While we can see our father's point that this was a tad excessive, we can't help but try to carry on the tradition. What are we teaching our children, you say? Relax. The spoils ain't what they used to be.

PSI
How can a budget-wise family fill an entire living room with presents, edging out even Santa in PSI (presents per square inch)? Pull the furniture in closer to the tree the night of. What was once a spacious great room is now the size of one over-filled closet, bursting with, if not 250 presents, the illusion thereof.

Go Big
Boxes come cheap. What's more exciting than seeing a huge box under the Christmas tree? But wait. Anyone, any age, loves the irony of finding a tiny, tiny (also wrapped) present inside. It's a game! Run with it. For children, the game begins when they discard the gift and commence with the best present of all: the box.

If you can come up with 2 or 3 cardboard boxes the size of your Great Grandma Simmerman, you are golden. Not only will they offer great PSI (forget global warming for this one day — increasing your footprint is a plus), they'll have a fort they can leave you alone in until school starts up again.

Flashy
Go for presents that make noise or light up. A crying baby doll? Leave her on. Wrap her. Kick her box every chance you cross the living room. Your child will be almost certain that she knows what's in the box. Let the investigation unfold.
Consider a tractor or pick-up truck with lights. Screw it, leave its headlights on when you wrap it, all night, all week if you have to (the kids will anyway the first chance they get). One vibrating, flashing almost-guessed gift is worth 10 quietly wrapped shirt boxes.

Lumpy & Ugly
Did you buy a Barbie swimming pool? A fire engine with an extension ladder? We urge you to miswrap them. Resist the urge to put these in a big box (remember, those are for the small gifts). Instead, bundle those unruly suckers up with one arm tied behind your back. Use lots of tape, duct tape if you have to. Make it ugly. Leave pretty for your grandmother's gift.

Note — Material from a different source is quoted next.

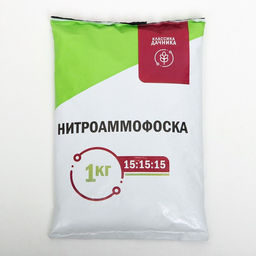 Цена за 2 шт. Удобрение минеральное Нитроаммофоска N-15%, P2O5-15%, K2O-15%, 1 кг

Give this thing attitude, enough to fill the room. Extend the ladder, attach Barbie to it. Pose her about to leap into the pool from the ladder. Have Ken trying to stop her or better yet, rate her. Wrap him and her and their heads all lumpy too. This will be, hands down, the first present your kids rip open.

Unwrapped
Don't forget the surprise factor of leaving a single toy unwrapped, on top of the (hollow) heap of overboxed presents. Give them the instant gratification of a fat fluffy teddy bear you got for just $4.99 when you bought $50 worth of screaming dolls at Toys "R" Us. The teddy bear will be the crème de la crème, the king on the throne, and the victory will be yours.

Well, no matter what your budget is this Christmas, we hope you take time to be a little creative with it. It's not about the number of gifts, we know. It's the thought that counts. But, remember, with a little sleight of hand, it can look like you came up with both this year. Merry Christmas!